- [Action item]:
Pictures should be excluded; otherwise, copy every entry exactly.

- [Records shown]:
━━━━━━━━━━━━━━━━━━━━━━━━━━━━━━

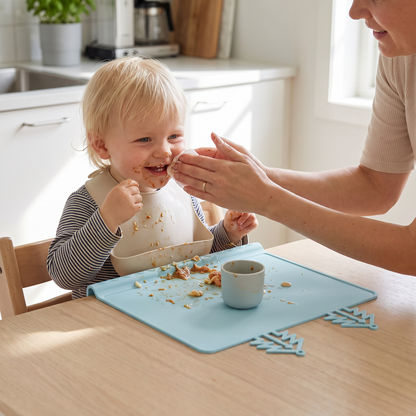 BabySafe Praktisk och Hygienisk Silikonunderlägg för Bebisar med Upphöjd Kant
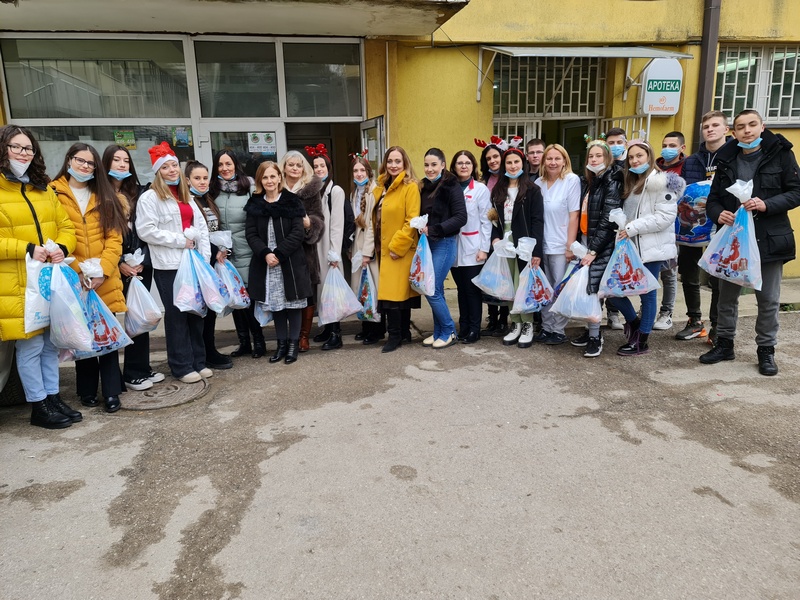 Učenici medicinske škole darovali paketiće deci na lečenju u Opštoj bolnici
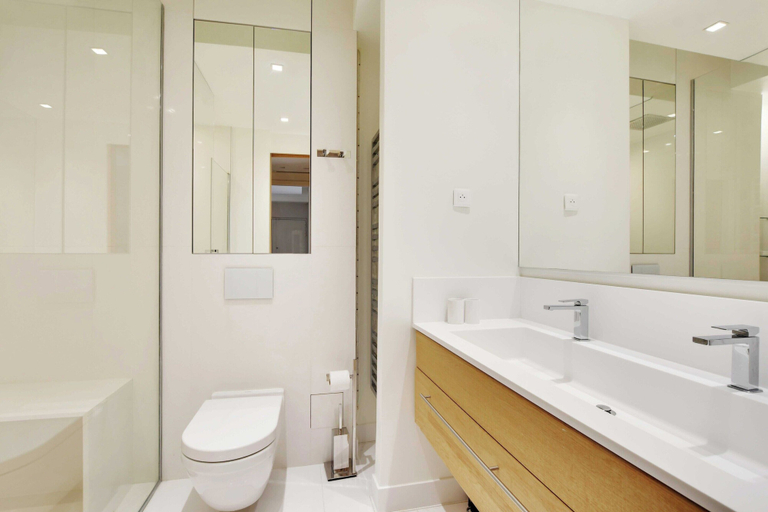 Bathroom 4, charming Appt with a/c- 1bd/2p - tour eiffel , Paris
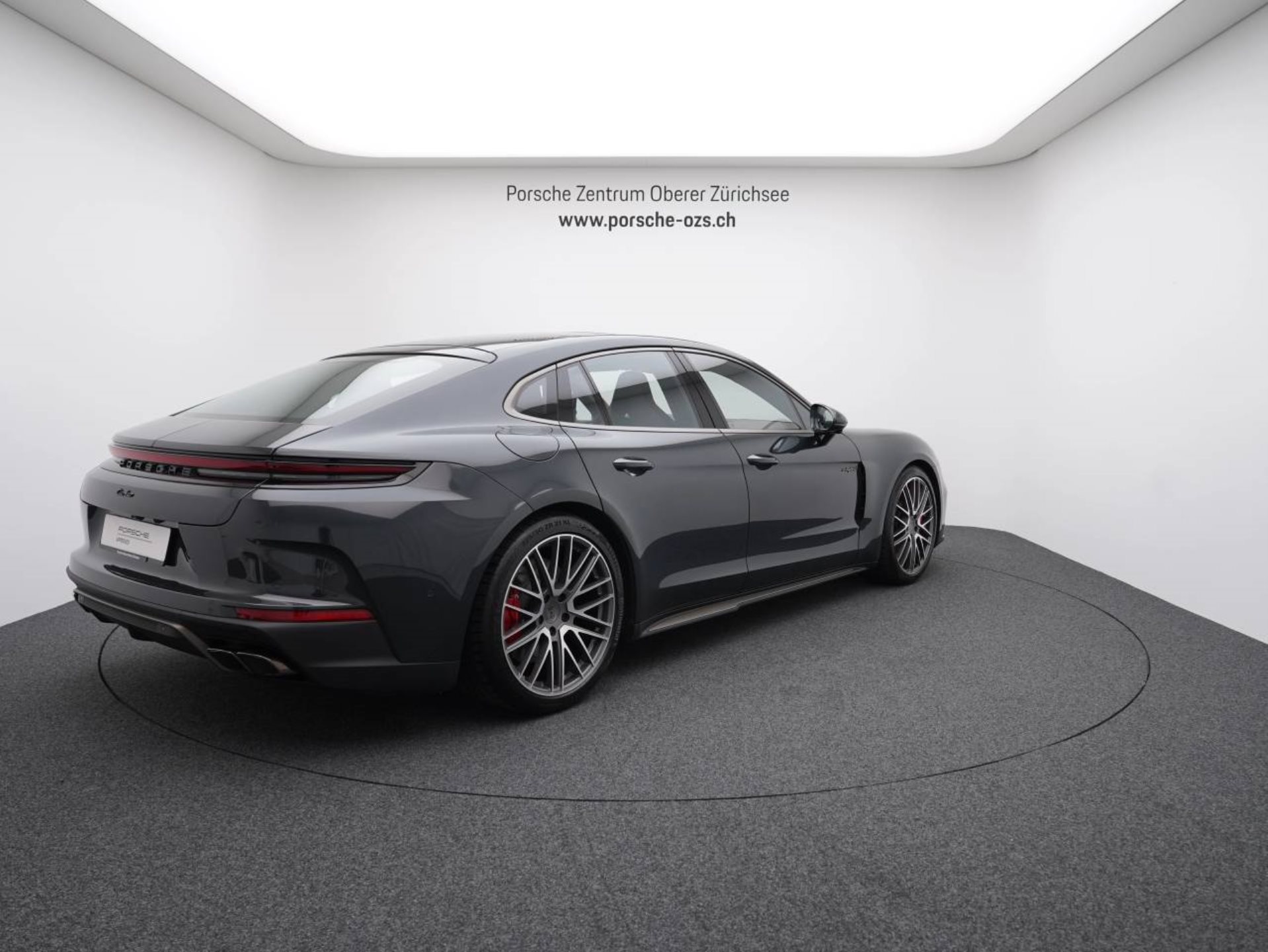 PORSCHE Panamera Turbo E-Hybrid-image-6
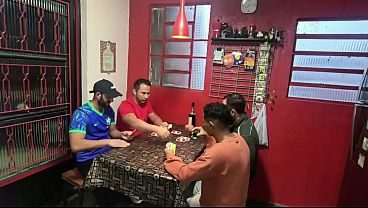 JOGO DE BARALHO ENTRE AMIGOS VIRA SURUBA E ORGIA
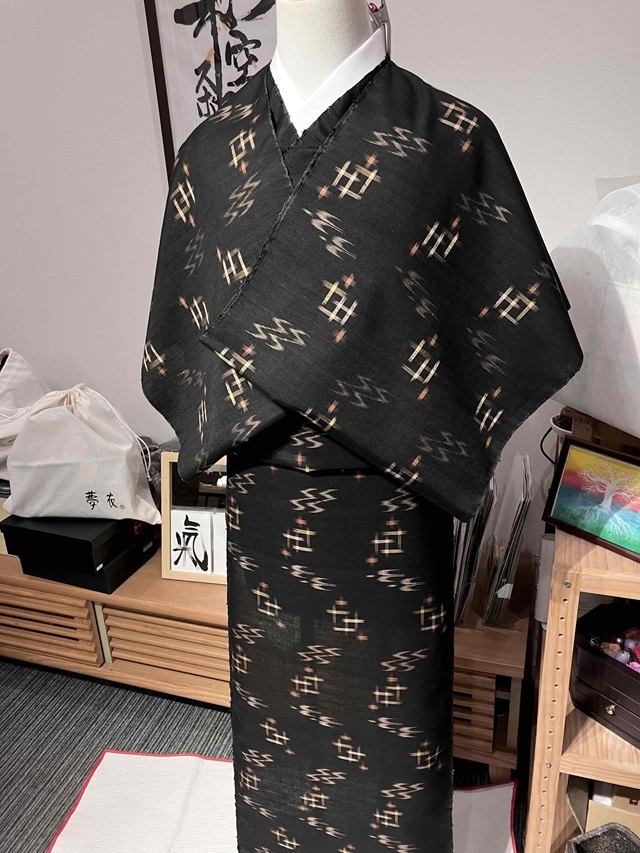 破格値！久米島紬 縦緯絣 泥染 逸品があり得ない価格｜着物セレクト 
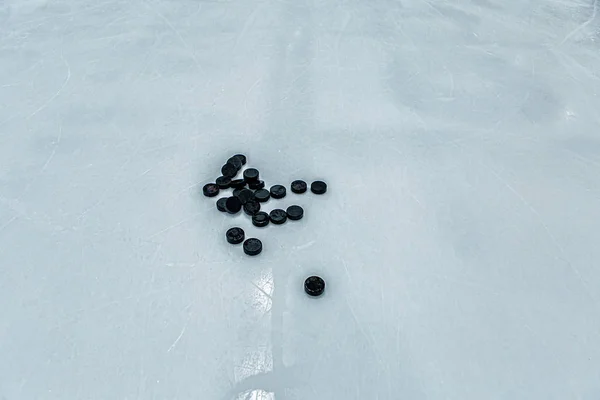 Eishockeystadion Hintergrund, Pucks — Stockfoto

━━━━━━━━━━━━━━━━━━━━━━━━━━━━━━

- [Task response]:
 BabySafe Praktisk och Hygienisk Silikonunderlägg för Bebisar med Upphöjd Kant
 Učenici medicinske škole darovali paketiće deci na lečenju u Opštoj bolnici
 Bathroom 4, charming Appt with a/c- 1bd/2p - tour eiffel , Paris
 PORSCHE Panamera Turbo E-Hybrid-image-6
 JOGO DE BARALHO ENTRE AMIGOS VIRA SURUBA E ORGIA
 破格値！久米島紬 縦緯絣 泥染 逸品があり得ない価格｜着物セレクト 
 Eishockeystadion Hintergrund, Pucks — Stockfoto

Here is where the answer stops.